On September 26, 1985, Lily Tomlin opened The Search for Signs of Intelligent Life in the Universe on Broadway for the first time. (She later revived it in 2000.) Written by her now-wife Jane Wagner, the satire of contemporary American culture won Tomlin a 1986 Tony Award and Drama Desk Award; the show also won a Drama Desk for Unique Theatrical Experience.
Last year, Tomlin was nominated for her 24th Primetime Emmy for her work on Netflix’s Grace and Frankie, the comedy about two older women—and polar opposites—co-habiting after their husbands divorce them to marry each other. The show was recently renewed for a seventh and final season.

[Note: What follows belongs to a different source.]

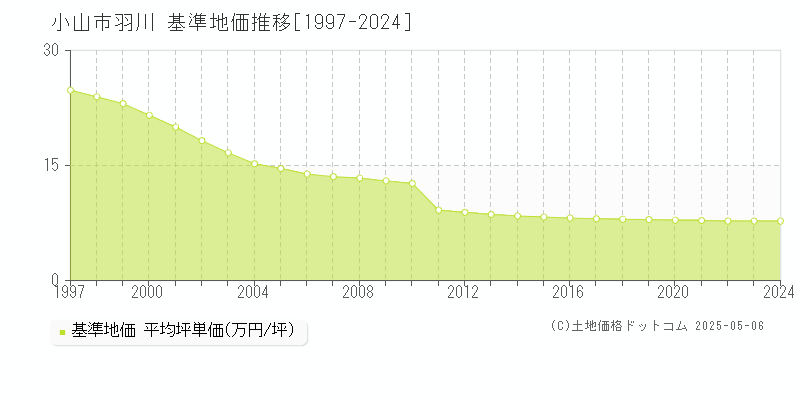 小山市羽川の基準地価推移グラフ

In the below interview from the December 1985 Playbill, Tomlin and Wagner demonstrate the organic nature of their collaboration, the parade of characters Tomlin played in the show, and the magic of Broadway.

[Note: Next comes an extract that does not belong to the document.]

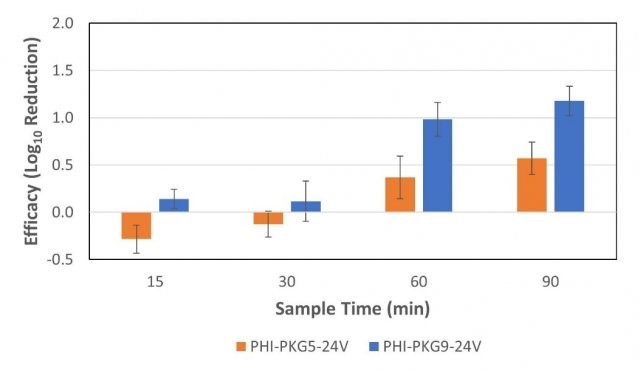 PHI-PKG MS2 reduction graph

Broadway loves Lily, and the feeling is mutual—so much so that she confesses she cried when she went onstage at the Plymouth for the first time. “We were doing the sound check,” she says, “and I was so moved that we had made it and were going to open in a few days. I had always wanted to play the Plymouth because it’s on 45th Street and it’s such a beautiful little theatre. I saw Equus at the Plymouth, and The Real Thing…even now, it’s strange sometimes because I know I’m on that stage, and yet I can’t quite translate the feeling I had as a member of the audience. I think that if it really clicked in, I’d be terrified.”
Tomlin shows no signs of fear as she takes her audience on a comic search with a gallery of characters including a crazy yet sensible bag lady, a cynical socialite, a pair of savvy streetwalkers, and a teenage punk rocker and her bewildered grandparents. In varying degrees, their stories are linked with those of three feminist friends who spend the ’70s sampling self-help regimens and struggling to “have it all.” Jane Wagner’s script manages to uncover great measure of humanity—as well as side-splitting humor—in those often misguided people. And Lily brings the entire crew to life using only her endlessly pliable voice and tremendous physical agility.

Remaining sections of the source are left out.